Se ha calculado, como base, en 37 billones el monto en que mejorará el flujo de caja del gobierno y la posición fiscal. Ello beneficia a quienes hoy se encuentran afiliados al oxigenarse el sistema, pero no se conocen estudios ni cuentas claras sobre si terminará, o no, convertido en pirámide cuya responsabilidad quedará a cargo del Estado -que siempre debe responder- y a cargo de quienes apenas llegan al sistema. No es suficiente garantía el anuncio de la ministra, quien por cierto con tacto y diplomacia le ha dado ejemplo a la confrontadora exministra Corcho, según el cual en 15 años se deberá realizar otra reforma. Tampoco que sea el Banco de la República, en su función de agente fiscal, su destinatario.
El sentido social y la responsabilidad del Estado nunca ha estado en discusión. El auxilio para adultos mayores, una de las justificaciones de la reforma, ha funcionado desde hace muchos años, en programas como Colombia mayor, con escasos recursos, pero sin necesidad de pasar por encima de los intereses de una mayoría de ciudadanos. Así lo ha ratificado un reciente estudio del Centro Nacional de Consultoría -una prestigiosa firma que también presta sus servicios al gobierno- según el cual para el 87 % de colombianos es importante la libertad de decidir el lugar donde realizara sus aportes mientras el 83 % prefiere que se acumulen en una cuenta de ahorro individual, incluyendo periódicas y constatables ganancias. Nos dirigimos hacia una expropiación.

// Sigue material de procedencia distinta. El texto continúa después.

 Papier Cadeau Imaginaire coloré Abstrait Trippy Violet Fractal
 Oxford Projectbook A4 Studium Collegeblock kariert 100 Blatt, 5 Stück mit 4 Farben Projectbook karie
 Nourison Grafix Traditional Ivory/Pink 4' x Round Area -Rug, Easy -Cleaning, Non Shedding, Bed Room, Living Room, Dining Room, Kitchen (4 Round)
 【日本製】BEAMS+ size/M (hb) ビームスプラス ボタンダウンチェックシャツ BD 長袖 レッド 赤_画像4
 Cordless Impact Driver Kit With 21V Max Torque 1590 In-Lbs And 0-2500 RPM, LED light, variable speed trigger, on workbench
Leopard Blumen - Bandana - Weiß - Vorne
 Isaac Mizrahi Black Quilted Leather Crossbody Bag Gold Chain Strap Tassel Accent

Los problemas del proyecto hoy no se reducen al incumplimiento por parte del gobierno a los senadores liberales que lo aprobaron. No se trata solamente de si el umbral de cotización es hasta 2,3 o hasta 4 salarios mínimos. Aunque tenga el gobierno mayorías en la Cámara el proceso no ha terminado y debe llegar a un momento de concertación, como es deseable.

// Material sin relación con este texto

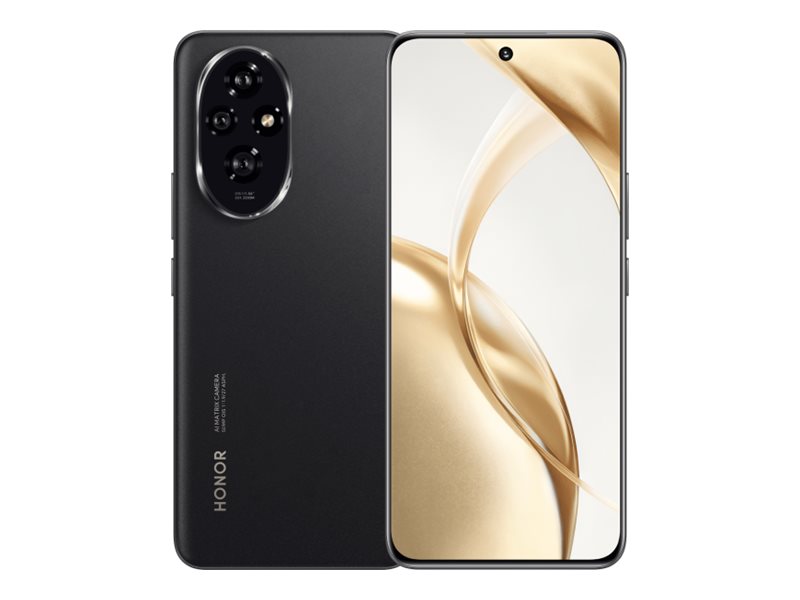 Honor 200 - 5G smartphone - dual-SIM - RAM 12 GB / Intern hukommelse 512 GB - OLED-skærm - 6.7 - 2664 x 1200 pixels (120 Hz) - 3x bagkamera 50 MP, 50 MP, 12 MP - front camera 50 MP - sort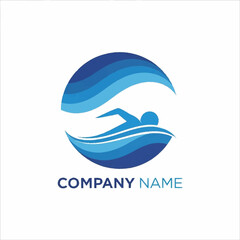 Stylized swimmer silhouette inside a circular blue wave logo design.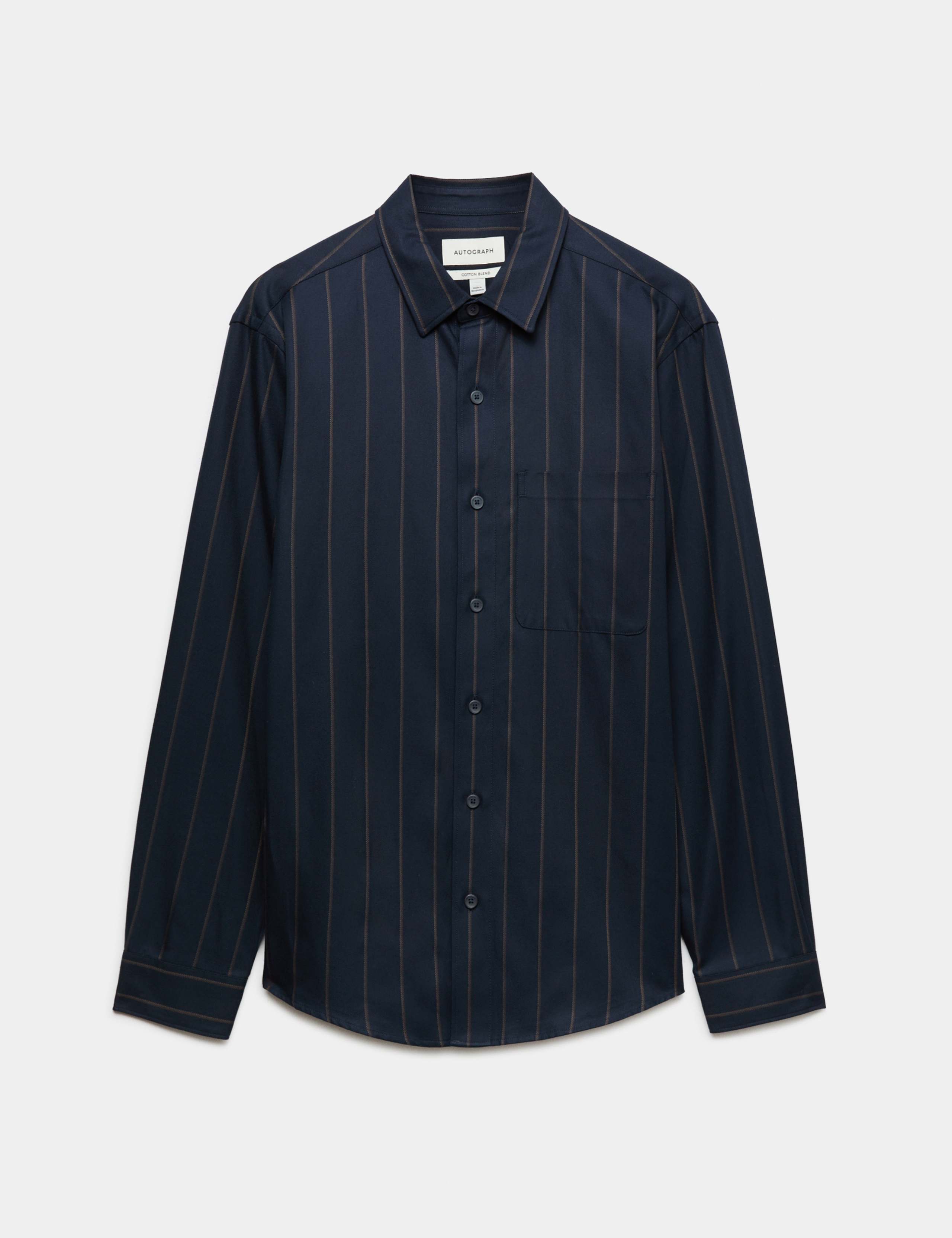 Twill Stripe Long Sleeve Overshirt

No es acertado reducir lo ocurrido en el Senado a una patraña o “conejo” del gobierno a los senadores liberales, como se ha afirmado. Esa afirmación es en realidad un distractor a la opinión. Ellos al igual que el presidente tienen suficiente experiencia en el Congreso como para conocer de reglamentos y tiempos. De continuar las cosas como van lo más probable es que finalmente, una comisión de conciliación, casi privadamente, defina los términos de la reforma. Esto es lo que debemos evitar. El Congreso debe justificar y explicar sus decisiones proporcionando información suficiente y oportuna para que no se convierta en un atropello hábilmente oculto a la vista de todos.